▶ _Problem description_
In the entries that follow, find every line containing "slope" and copy it.

▶ _Input_
----------

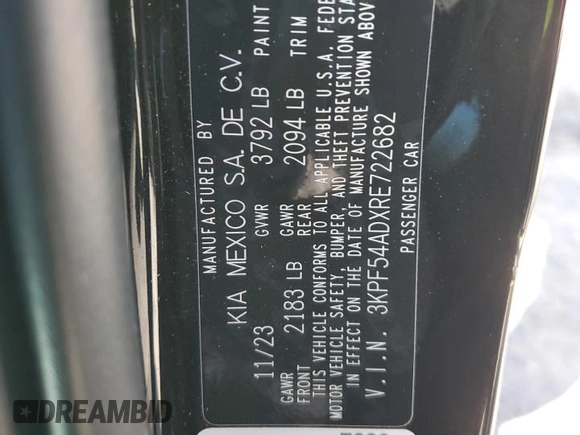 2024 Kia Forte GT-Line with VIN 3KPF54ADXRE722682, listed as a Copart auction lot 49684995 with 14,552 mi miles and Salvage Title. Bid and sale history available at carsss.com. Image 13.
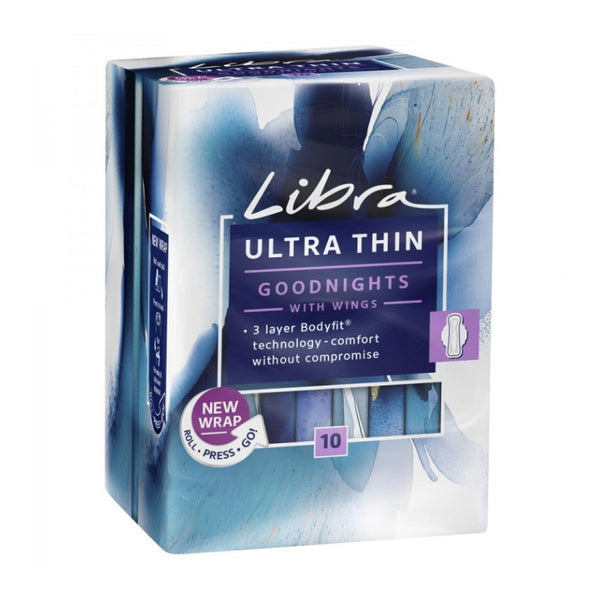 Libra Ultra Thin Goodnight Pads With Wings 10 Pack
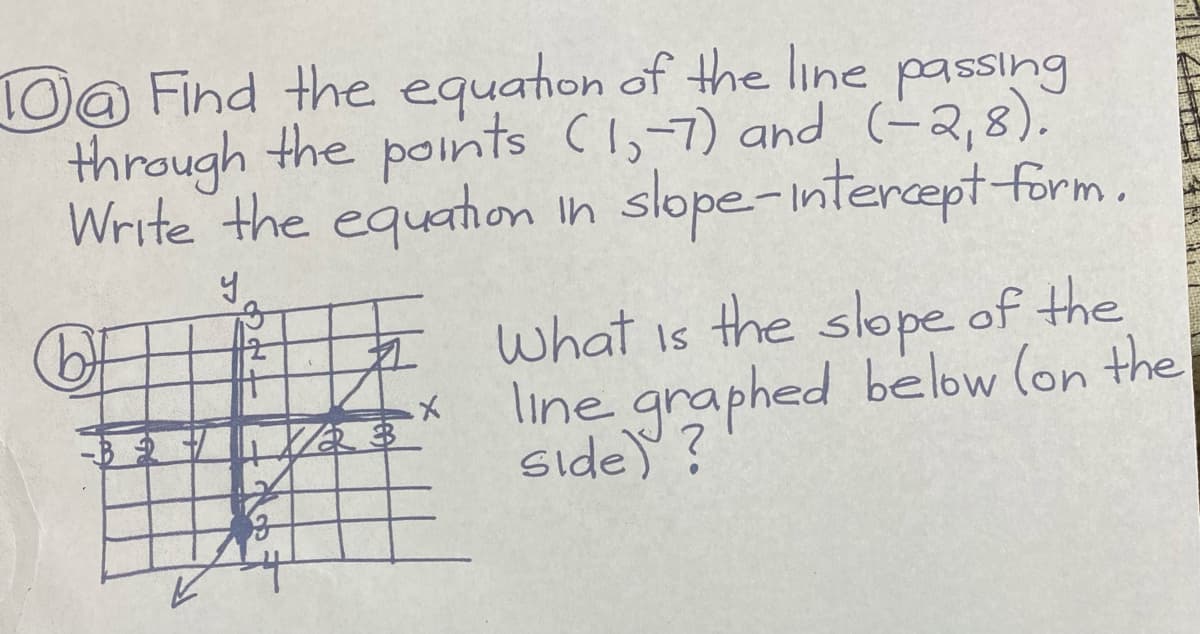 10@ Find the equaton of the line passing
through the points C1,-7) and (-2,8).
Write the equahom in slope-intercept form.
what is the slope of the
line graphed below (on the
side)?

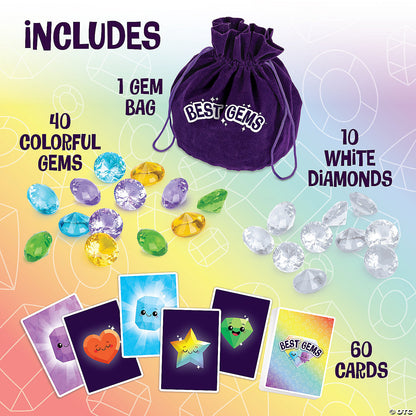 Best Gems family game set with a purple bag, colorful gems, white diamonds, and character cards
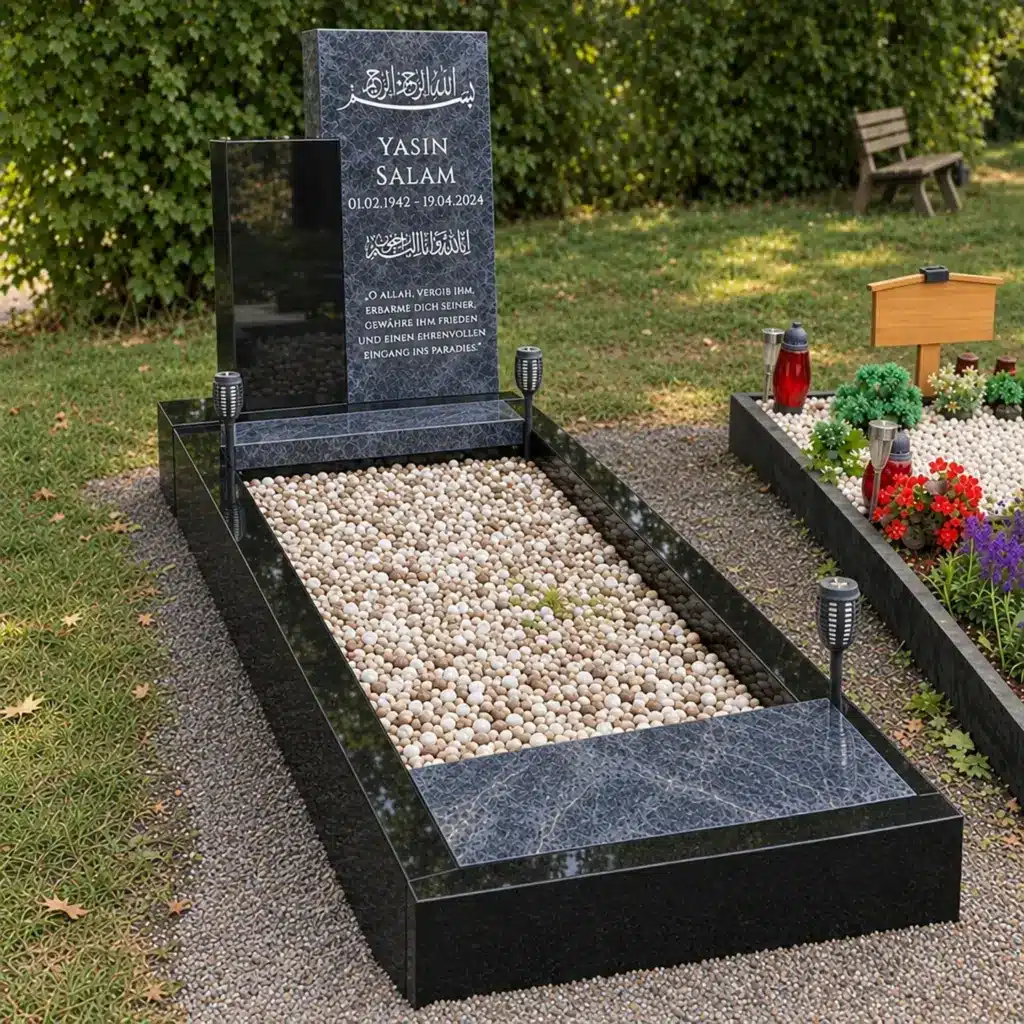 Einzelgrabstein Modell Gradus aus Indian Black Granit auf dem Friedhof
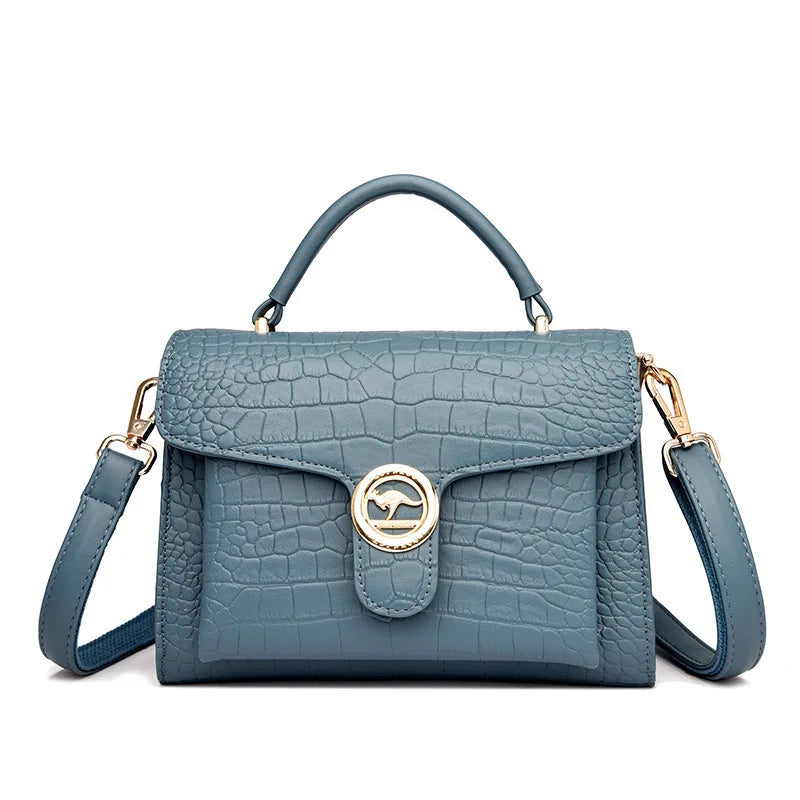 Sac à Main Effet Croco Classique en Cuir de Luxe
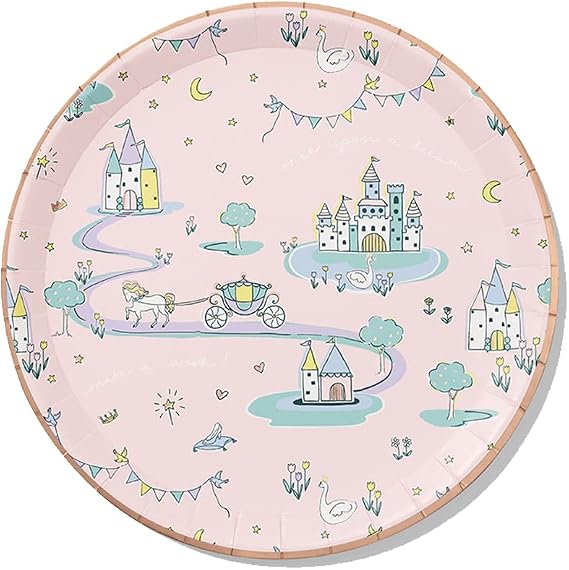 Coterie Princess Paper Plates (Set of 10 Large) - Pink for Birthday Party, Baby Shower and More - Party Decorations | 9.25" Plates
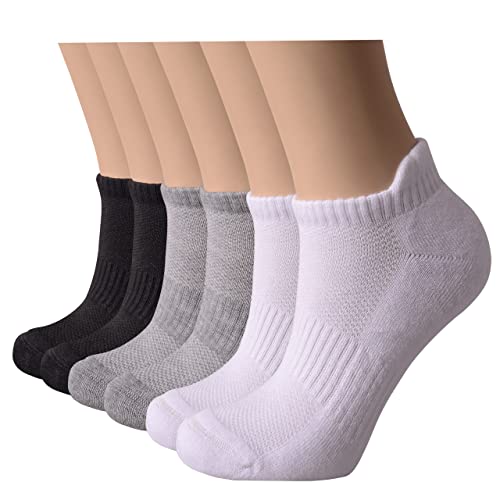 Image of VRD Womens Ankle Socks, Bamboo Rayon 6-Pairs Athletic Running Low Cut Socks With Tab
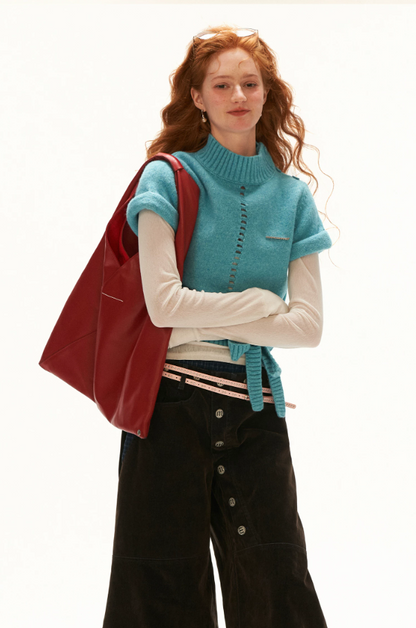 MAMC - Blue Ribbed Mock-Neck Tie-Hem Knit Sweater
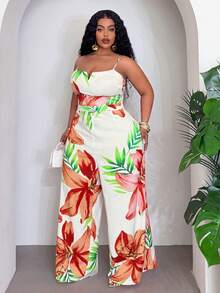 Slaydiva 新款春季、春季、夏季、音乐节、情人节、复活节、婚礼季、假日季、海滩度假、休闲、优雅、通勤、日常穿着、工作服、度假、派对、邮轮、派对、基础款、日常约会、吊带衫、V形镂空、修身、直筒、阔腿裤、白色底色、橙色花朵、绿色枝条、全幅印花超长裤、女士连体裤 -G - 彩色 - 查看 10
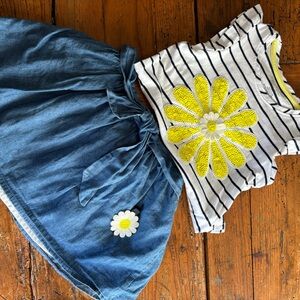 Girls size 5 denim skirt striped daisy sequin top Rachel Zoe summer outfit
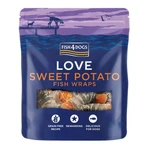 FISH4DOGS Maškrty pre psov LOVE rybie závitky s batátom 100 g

----------

▶ _Completed exercise_
Write the equahom in slope-intercept form.
what is the slope of the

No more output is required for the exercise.